We started with the ABX₃ perovskite halide formability dataset used by Li et al. (2008) consisting of 186 labeled compounds. From this dataset, five compounds (viz., KSmCl₃, CsGeCl₃, LiCoBr₃, KCoBr₃, and KCoI₃) were omitted since the bond valence features were not available for these compounds. Furthermore, we augmented the dataset with four tin fluorides, namely NaSnF₃, KSnF₃, RbSnF₃, and CsSnF₃, for which formability labels became available only recently (Tran and Halasyamani, 2014). Thus, the final dataset contained 185 ABX₃ compounds with known labels and 11 features.

The chemical space covered by the compounds in the training dataset is depicted in Figure 1B. The 185 ABX₃ perovskite halides contain eight different A-site cations (viz. Ag, Cs, Cu, K, Li, Na, Rb, and Tl) and twenty B-site cations (viz. Ba, Be, Ca, Cd, Co, Cr, Cu, Eu, Fe, Hg, Mg, Mn, Ni, Pb, Sn, Sr, Ti, V, Zn, and Zr). Cu appears on either A- or B-sites. The X-site has four different possible choices of F, Cl, Br, and I.

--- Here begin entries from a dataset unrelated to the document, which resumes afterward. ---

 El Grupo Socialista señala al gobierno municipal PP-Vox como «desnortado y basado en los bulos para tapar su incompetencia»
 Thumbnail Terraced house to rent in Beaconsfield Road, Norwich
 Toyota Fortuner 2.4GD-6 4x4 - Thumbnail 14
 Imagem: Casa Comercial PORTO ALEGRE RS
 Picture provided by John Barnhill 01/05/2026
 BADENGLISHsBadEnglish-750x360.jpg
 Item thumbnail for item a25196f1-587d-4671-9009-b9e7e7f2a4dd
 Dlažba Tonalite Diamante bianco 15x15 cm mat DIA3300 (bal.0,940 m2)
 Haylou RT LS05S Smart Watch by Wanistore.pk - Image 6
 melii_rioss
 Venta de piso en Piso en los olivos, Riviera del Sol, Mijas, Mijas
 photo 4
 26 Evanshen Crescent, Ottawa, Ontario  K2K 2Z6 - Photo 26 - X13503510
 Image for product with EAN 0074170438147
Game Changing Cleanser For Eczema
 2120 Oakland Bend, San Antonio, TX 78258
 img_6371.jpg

Owing to the inherent interpolative nature of ML approaches, we confined our exploration to the above restricted chemical space of perovskite halides throughout this study. Within this space, a total of 640 unique compounds exist, out of which 185 (<30%) are known from previous experiments. The remaining 455 are not explored in the literature and our objective is learned from 185 known compounds via ML and infer or predict the formability of the remaining 455 compositions for rationally guiding the experimental synthesis efforts.

3. Machine Learning Model

For the binary classification problem at hand, each instance of our data is described by an Ω-dimensional feature vector $\vec{x}$ = ( f₁, f₂, f₃, …, f_Ω) and a label y. The label has a value of +1, say for perovskites, and −1, for non-perovskites. A support vector machine aims to find a function that for any given $\vec{x}$ has a value of ±1. Ideally, it is desired to generate a decision boundary in the space of features that maximizes the distance (also known as margin) of the closest instance from either class from it. Instances are defined as points in the hyperspace of features that lie on one side or the other of this hypersurface.

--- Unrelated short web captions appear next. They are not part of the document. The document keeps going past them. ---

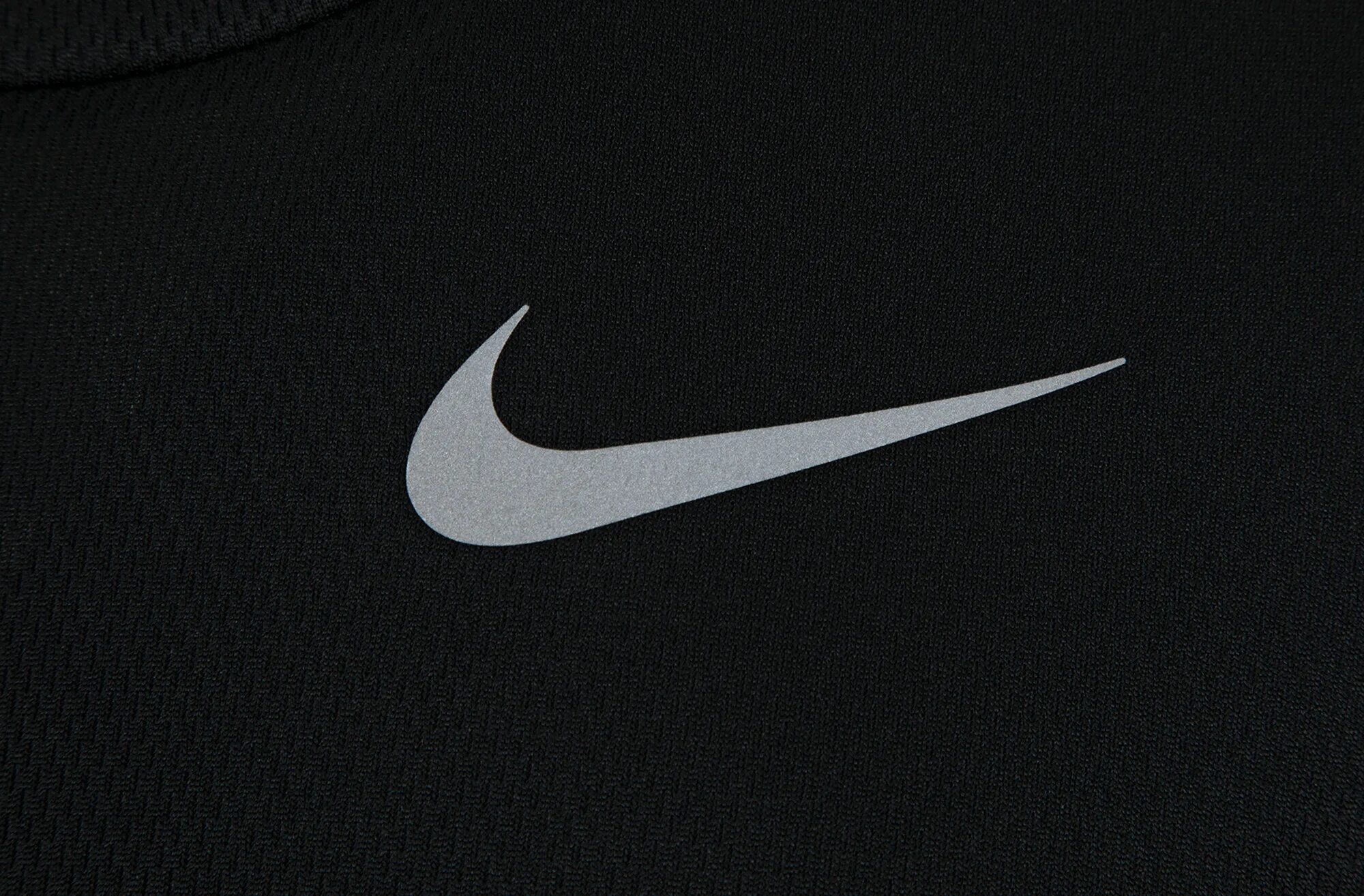 Что такое найк. Найк лого. Текстура найк. Nike красивый логотип. Полоска найк.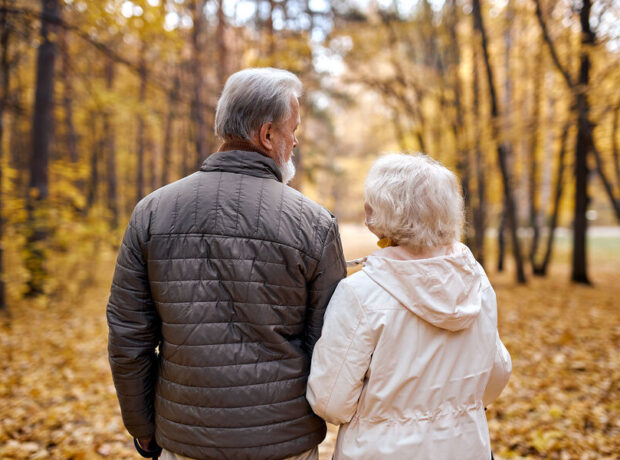 Alimlər daha uzunömürlü olmağınıza kömək edəcək beş sadə vərdişi açıqlayıblar Alimlər daha uzunömürlü olmağınıza kömək edəcək beş sadə vərdişi açıqlayıblar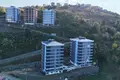 Квартира 4 комнаты 176 м² Yomra, Турция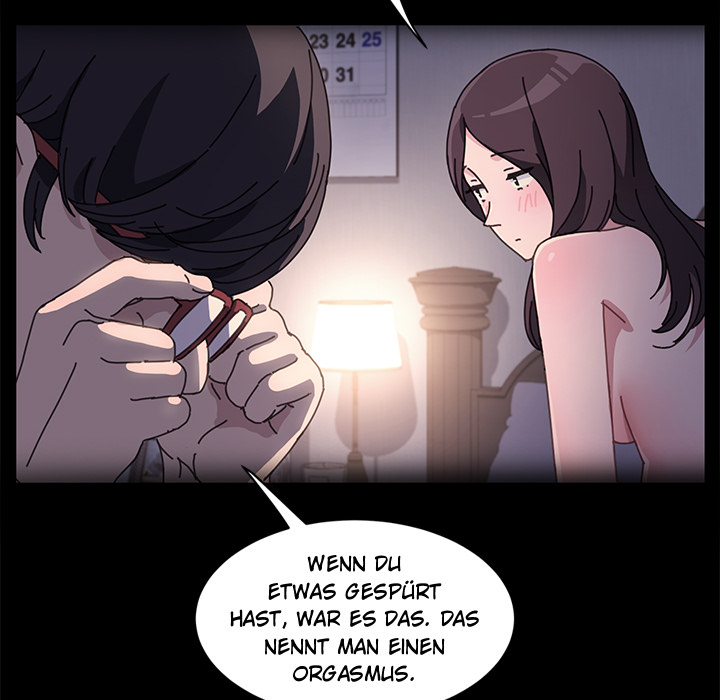 Der Mann im Haus - episode 18 - 41
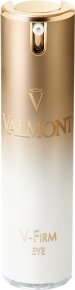 Valmont Firmness V-Firm Eye 15 ml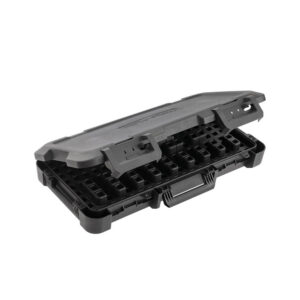 Magpul - DAKA Hard Case C35 - Black - MAG1290-BLK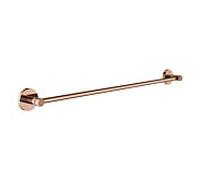 Grohe Essentials porte-serviettes Warm Sunset 40366DA1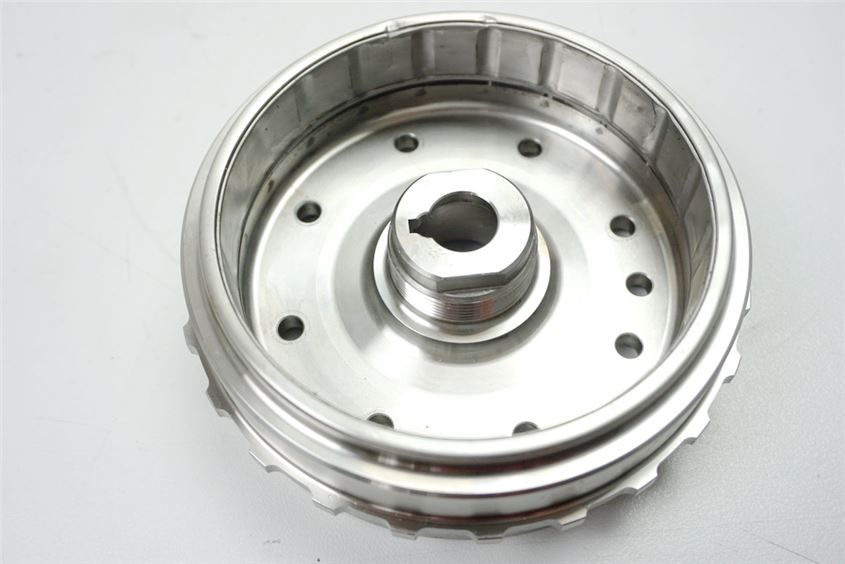 KTM 1290 SUPERDUKE R LIMA ROTOR FLYWHEEL ALTERNATOR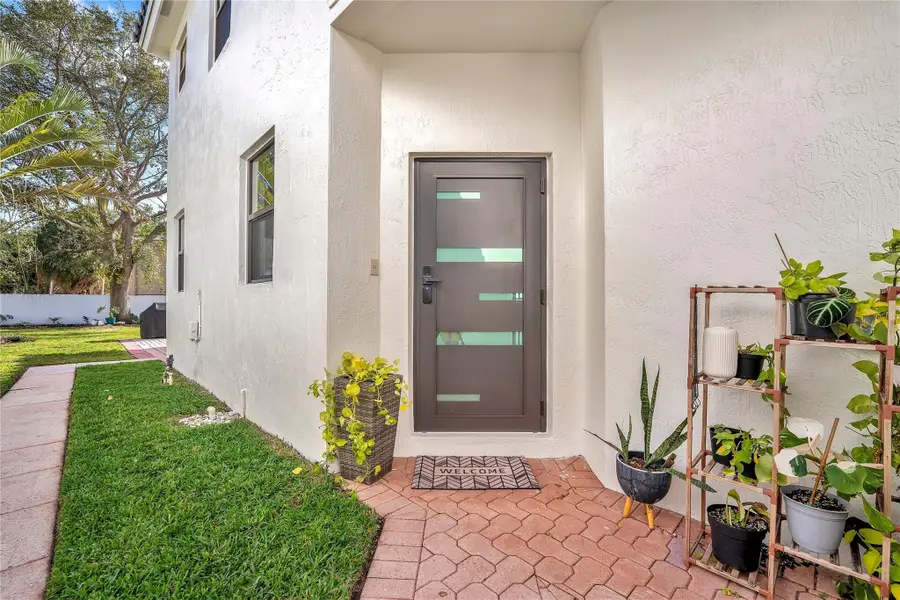 6992 SW 148th Lane, Davie, FL 33331 - #2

Often a clear separation of the data via a finite margin is not possible. In such cases, a soft margin support vector machine is constructed instead. This classifier allows misclassification of instances; in other words, points in the margin are allowed. If we represent our input data by the set of labeled instances {( ${\vec{x}}_{i}, y_{i}$ )}, then a soft margin support vector classifier determines the hypersurface in the space of features by solving

α_{1}^{*}, \dots, α_{n}^{*} = \underset{α_{1}, \dots, α_{m}}{\arg \min} - \frac{1}{2} \sum_{i = 1}^{m} \sum_{j = 1}^{m} α_{i} α_{j} K ({\vec{x}}_{i}, {\vec{x}}_{j}) + \sum_{i = 1}^{m} α_{i}

(1)

subjected to the following constraints:

0 \leq α_{i} \leq C and \sum_{i = 1}^{m} α_{i} y_{i} = 0 .

(2)

Here, the parameter C controls the number of misclassifications. In the minimization, the competition is between the size of the margin and the degree of misclassification acceptable. The support vectors are identified as those points for which 0 < α_i < C.

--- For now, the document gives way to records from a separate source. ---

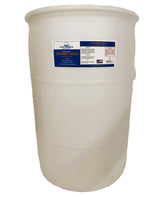 Ceramic Gold Neutral pH Wet Wash Soap by Jet Stream Aviation Products Inc. - product image 6 for Resin Society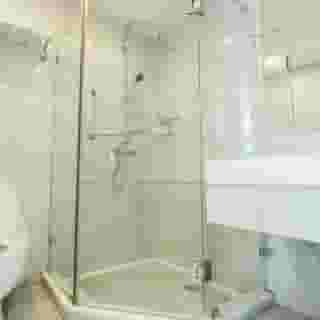 Thomson Residence Hotel, 4 of 6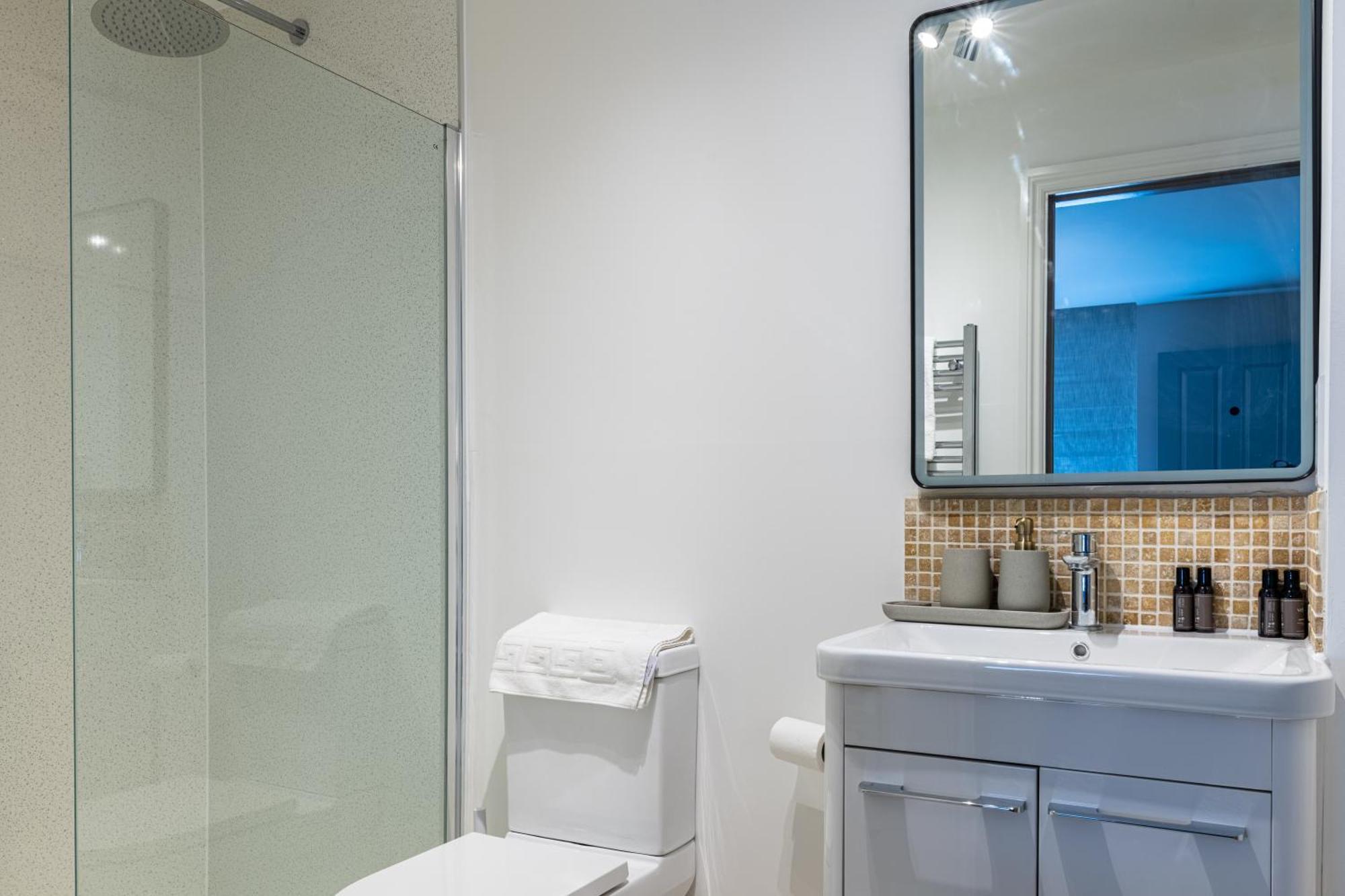 Silcox House Bath Apartamento Exterior foto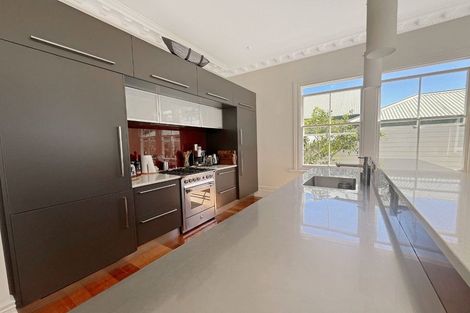 Photo of property in 13 King Edward Street, Mount Eden, Auckland, 1024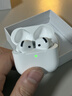 VIKM【頂配新款丨降噪Air第4代】藍牙耳機無(wú)線(xiàn)適配蘋(píng)果2026最新款iPhone17ios16/15半入耳式華強北耳機 曬單實(shí)拍圖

The term $K ({\vec{x}}_{i}, {\vec{x}}_{j})$ is known as the kernel, for which there are several choices, for example, linear kernels, polynomial kernels, or Gaussian kernels (also known as radial basis functions or RBFs) (Pedregosa et al., 2011). If the kernel is linear, the decision boundary is always a hyperplane. With two features, the linear kernel support vector machine draws a straight line through the data and, hence, is analogous to drawing a structure map. This was another reason that we choose support vector machine over other classification methods as a linear kernel with just two features mimics what has been done in the past.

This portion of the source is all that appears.